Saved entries
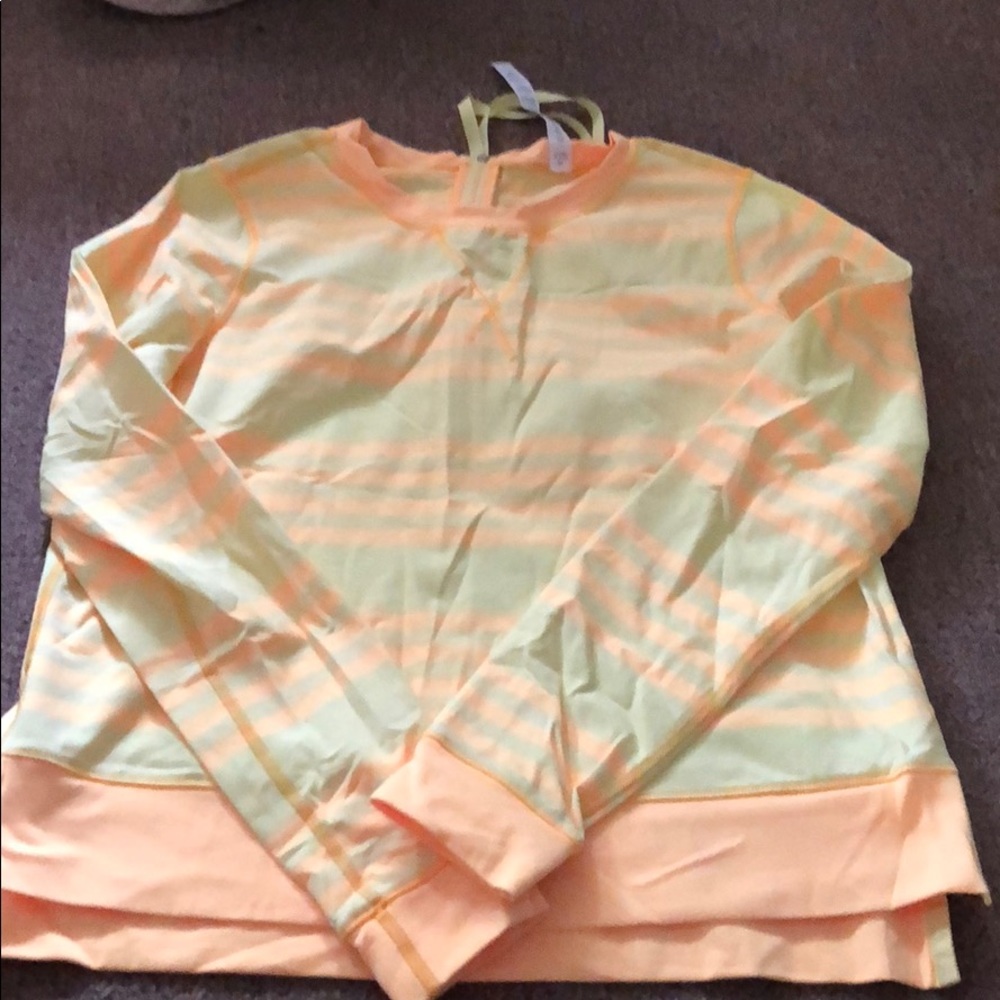 Lululemon size 6 yellow pullover with back zip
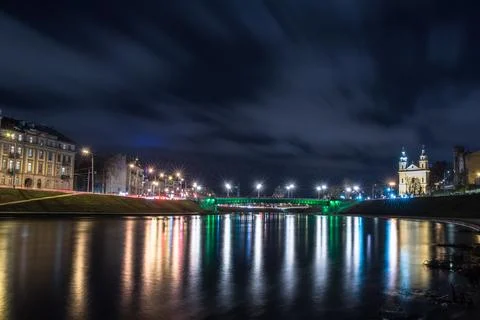 Vilnius Skyline at Night with Reflection of Neris River Stock Photos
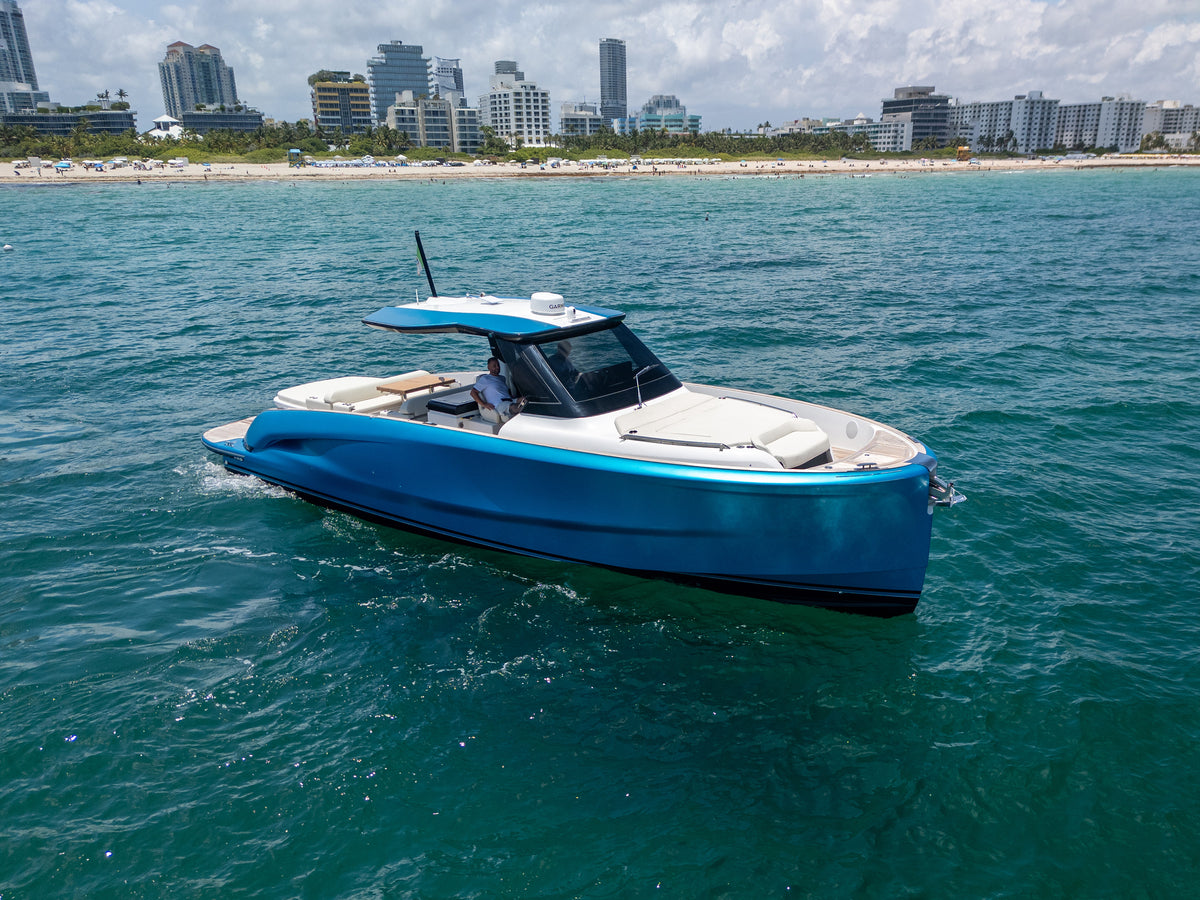 Solaris Power Sport Turismo underway with the Miami Beach skyline behind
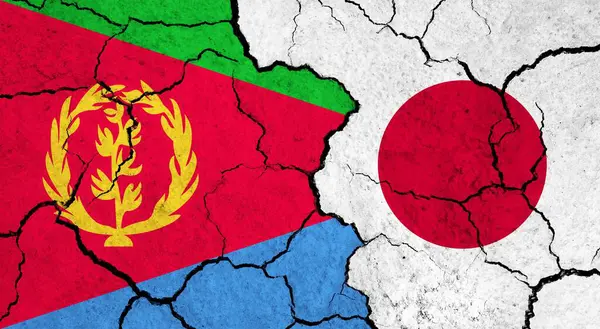 Flags of Eritrea and Japan on cracked surface - politics, relationship concept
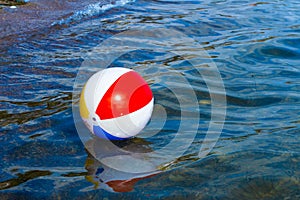 Beach inflatable ball floating in the water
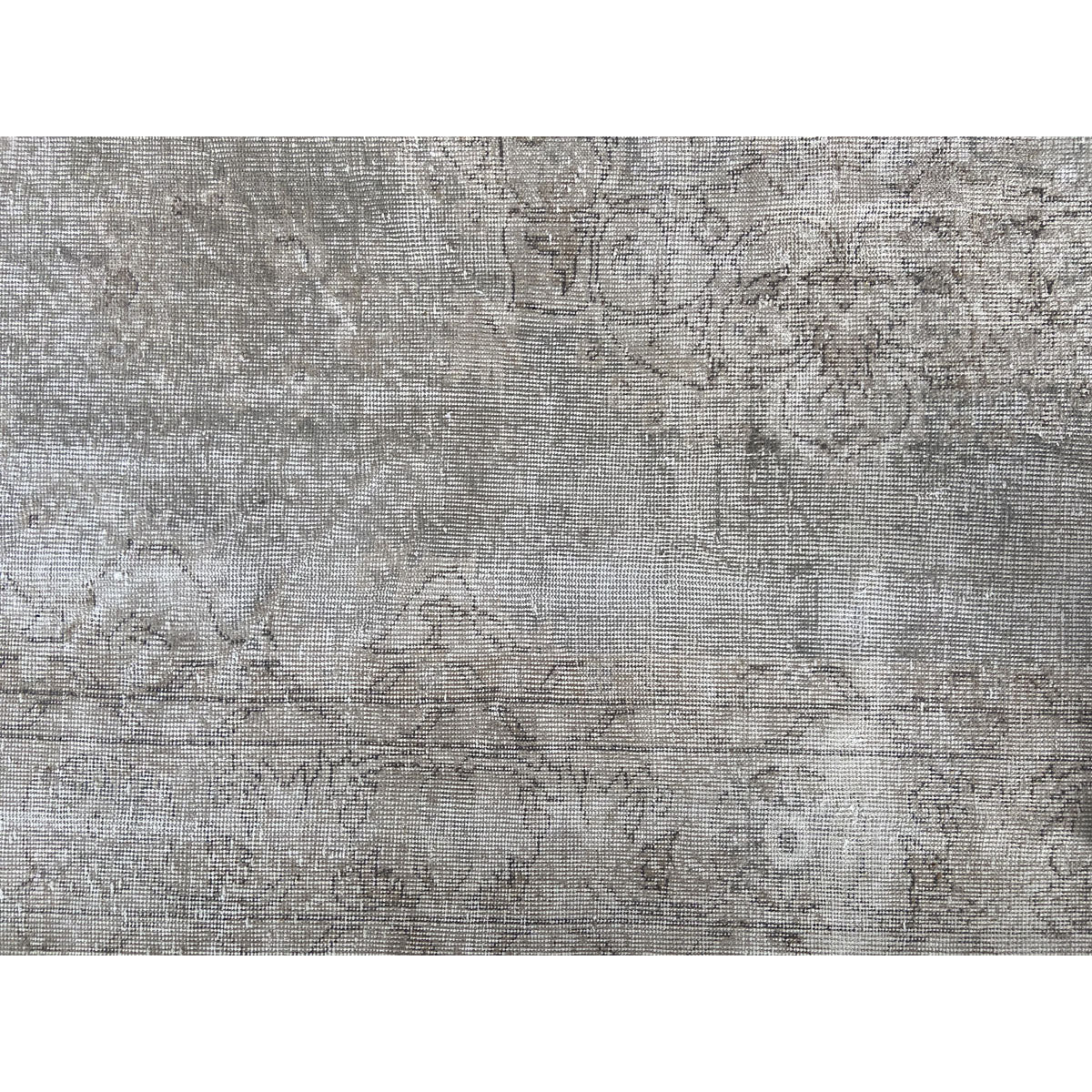 Heavily worn handwoven Turkish wool rug in cool, faded tones.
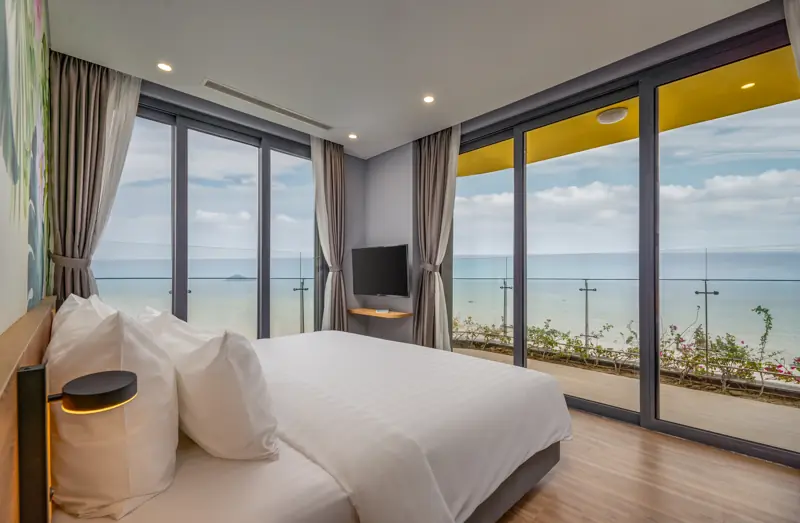 Phòng ngủ Premier Residence 01 phòng ngủ: giường đôi, vách kính và ban công nhìn ra biển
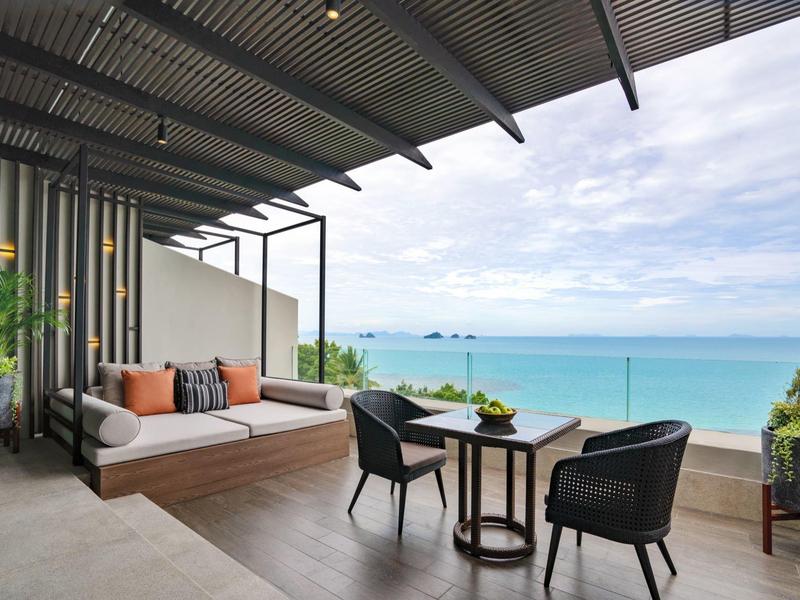 Balcón moderno con zona de estar y vistas al mar bajo un cielo nublado.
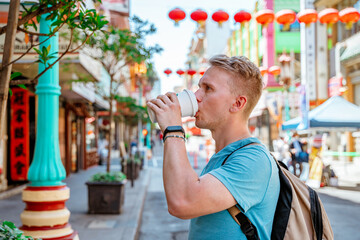 A young man walks around Chinatown and drinks coffee. San Francisco, USA - 18 Apr 2021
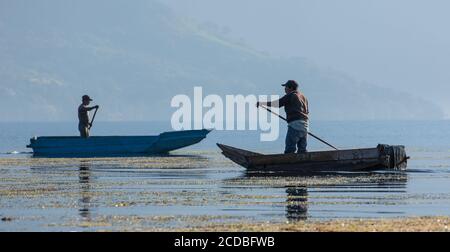 Deux pêcheurs mayas pagagent leurs cayucos ou canoës sur le lac Atitlan par San Pedro la Laguna, Guatemala. Banque D'Images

Directions for this task :: Reproduce every entry above exactly, and omit the pictures.

Answer box ::
 Lululemon size 6 yellow pullover with back zip
 Vilnius Skyline at Night with Reflection of Neris River Stock Photos
 Solaris Power Sport Turismo underway with the Miami Beach skyline behind
 Flags of Eritrea and Japan on cracked surface - politics, relationship concept
 Beach inflatable ball floating in the water
 Heavily worn handwoven Turkish wool rug in cool, faded tones.
 Phòng ngủ Premier Residence 01 phòng ngủ: giường đôi, vách kính và ban công nhìn ra biển
 Balcón moderno con zona de estar y vistas al mar bajo un cielo nublado.
 A young man walks around Chinatown and drinks coffee. San Francisco, USA - 18 Apr 2021
 Deux pêcheurs mayas pagagent leurs cayucos ou canoës sur le lac Atitlan par San Pedro la Laguna, Guatemala. Banque D'Images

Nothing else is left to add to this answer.